▼

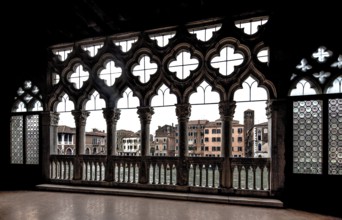 Venice, Ca'd'Oro, palazzo on the Grand Canal, built 1421-42 by Bartolomeo Bon, loggia in the piano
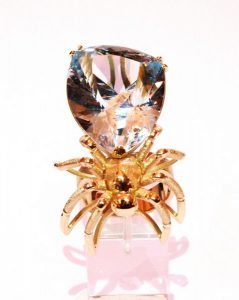 Ziedas Nr.61 (is geltono, raudono arba balto aukso, puostas akvamarinu)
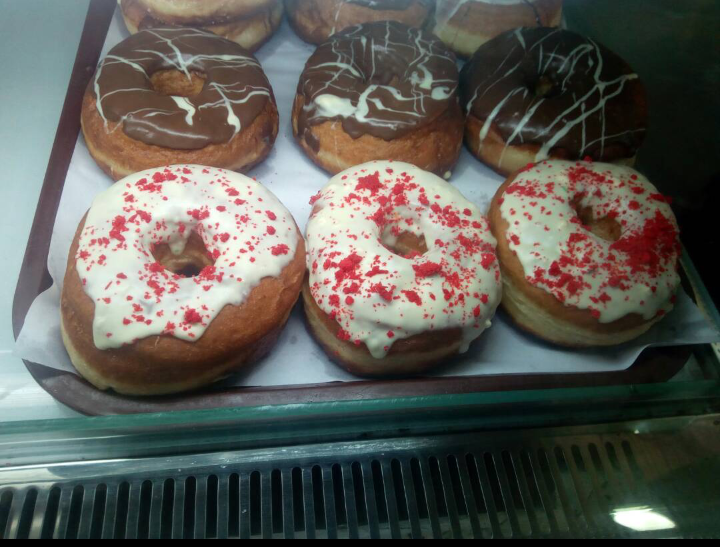 Yummy doughnut.png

▲

I would like the data above transcribed exactly, with its pictures left out.

**PROBLEM SOLUTION:**
 Venice, Ca'd'Oro, palazzo on the Grand Canal, built 1421-42 by Bartolomeo Bon, loggia in the piano
 Ziedas Nr.61 (is geltono, raudono arba balto aukso, puostas akvamarinu)
 Yummy doughnut.png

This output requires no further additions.